Chan believes that, as an artist, he can maintain a unique perspective and approach to the long-term observation of the intricate details of scientific and technological developments, continually raising questions from a humanistic and philosophical standpoint and then transforming these questions into visual art experiences. He holds the belief that art can help people gain a deeper understanding and exploration of issues through simulation, representation, and experience. Although works of art do not necessarily need to explain problems, artists can pose questions that stimulate the audience’s conscious engagement, thereby clarifying the direction of the issues at hand.

Stochastic Camera (version 0.1)

“Stochastic Camera (version 0.1)” is an image generation and photography software. Inspired by slit-scan photography, 3D rendering engine logic and stochastic processes, Chan intervenes in the digital camera’s image capture process to render images from the real world. In Chan’s view, digital cameras have made the image capture process more convenient and instantaneous. However, as the process becomes easier, so have the limitations of capturing abstract images. The software allows artists to manipulate image capture methods at the pixel level, creating unpredictable results based on the actual environment and algorithms. “Stochastic Camera (version 0.1)” divides the image capture area into a two-dimensional array. Artists can determine the size of the array and sequentially capture the individual pixel colours within the array to capture the surrounding environment. When artists use this software to create, they wait, observe and repeatedly modify the code to achieve the image results.

Stochastic Camera (version 0.2) – the melting crystal ball

When light travels through a lens and lands on the digital image sensor, that light will transform into digital signals as pixels. The digital camera processes those pixels in a minimal time difference, but the time distinction still exists; thus, the contrast creates a concept of a pixel as an individual.

“Stochastic Camera” is a continuous art project that began in 2018. In version 0.2, re-examines and rethinks machine learning image processing algorithmic logic. The project starts with recording the melting of different ice balls over three hours. It continues for eight days, capturing approximately 24 hours of ice ball melting footage and converting it into raw pixel data for further processing. The melting ice ball symbolises a future world where crystal balls used for divination may no longer be needed while also existing as a refractive object to extend the camera’s lens. The “Stochastic Camera (version 0.2)” utilises two independent formulas representing overall stability and individual autonomy. These formulas are inspired by ensemble averaging and stochastic processes, calculating the data’s overall mean and predicting each pixel’s momentum, which results in two sets of pixel data and moving images.

How many visual variations will occur when a melting ice ball is placed inside a black box and exposed to a stable light source? The answer should be infinite and unpredictable. If there were a machine that could predict the future and show all the possibilities, then the answer would become concrete. In the meantime, how should the pixel’s autonomy be maintained?

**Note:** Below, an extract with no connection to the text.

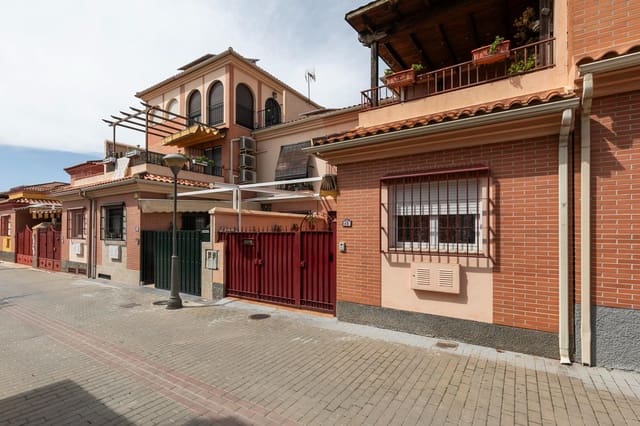 Adosado de 5 habitaciones en Granada ciudad en venta con garaje - 350.000 € (Ref: 9964990)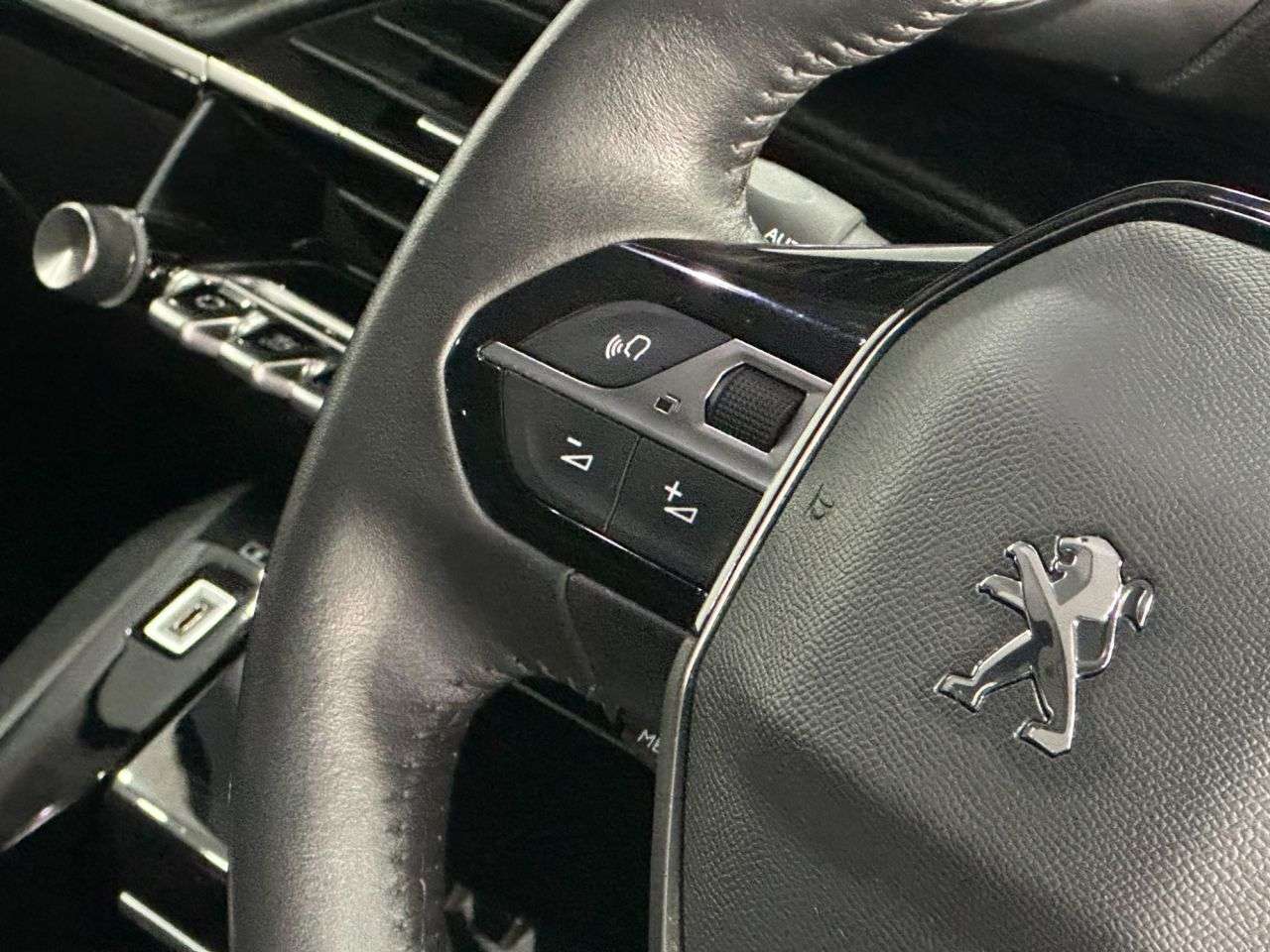 2021 PEUGEOT 2008 2021 PEUGEOT 2008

Stochastic Camera (version 0.3) – the boiling terra

To know the laws of the universe from everyday life.

Late one night, I had an idea while cooking a pot of noodles: Can the process of heating and evaporating water simulate the birth and death of stars? Galaxies are mainly composed of hydrogen and oxygen, and stars form after the collapse of a molecular cloud, converting their potential energy into thermal energy. The phase change of water molecules can thus be linked to the imagination of stellar-scale energy conversion and morphological changes. From molecular change to planet generation, from an individual pixel to an overall image, there may be a similar set of laws.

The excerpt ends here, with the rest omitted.